### Required action
Output, exactly as written, the lines below starting at the line containing "Liście świeżej bazylii pospolitej." and ending at the line containing "Voynich Manuscript". Drop the pictures and keep both end lines.

### Data provided
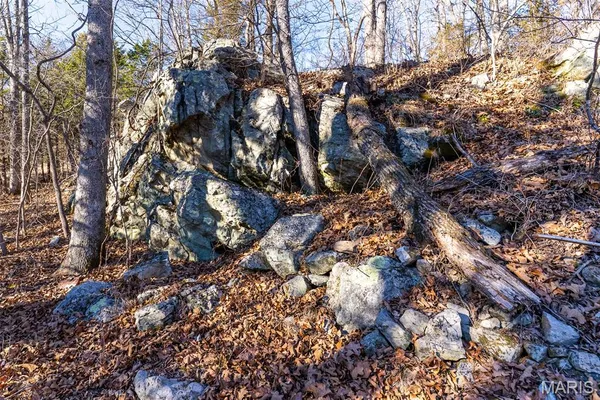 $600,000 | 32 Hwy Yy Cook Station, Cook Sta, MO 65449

* * *

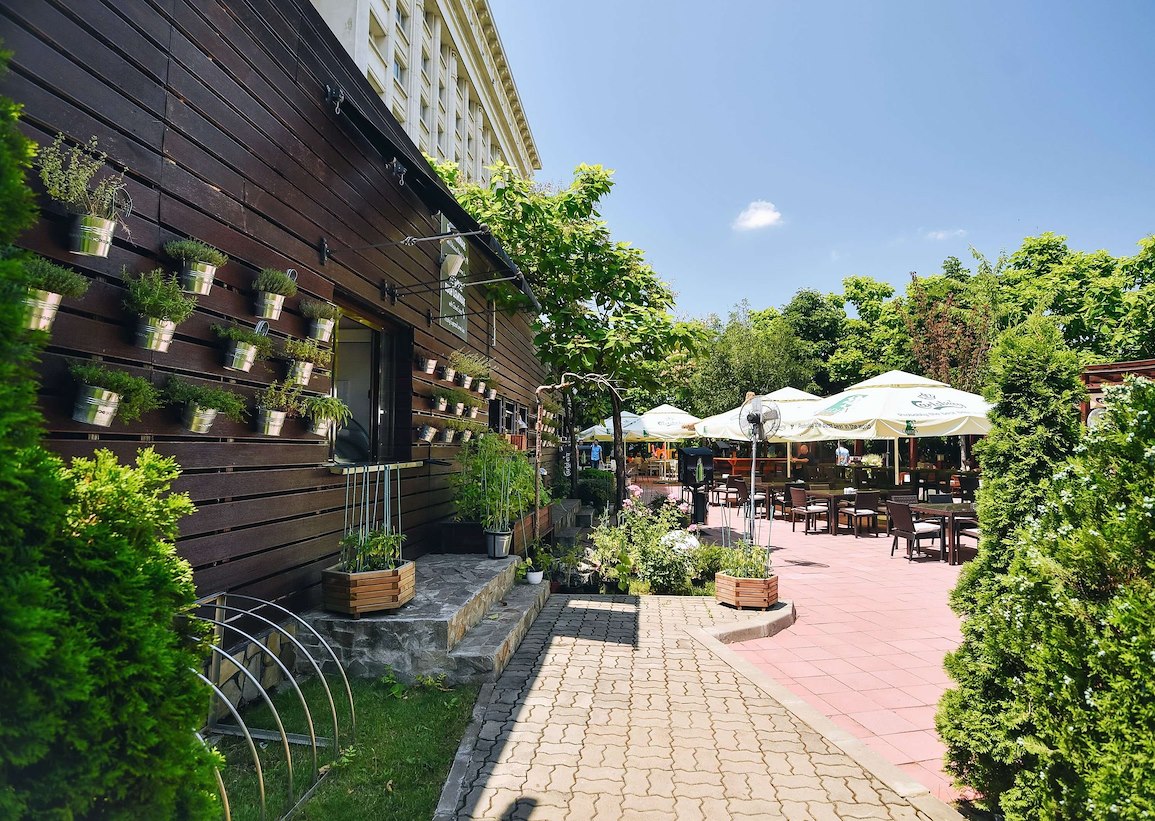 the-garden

--

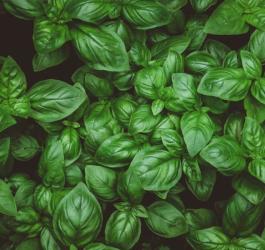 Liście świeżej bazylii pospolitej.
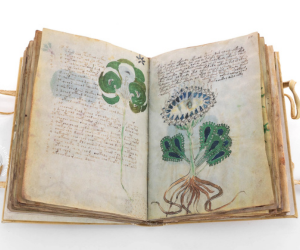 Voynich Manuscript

### Response to this task
 Liście świeżej bazylii pospolitej.
 Voynich Manuscript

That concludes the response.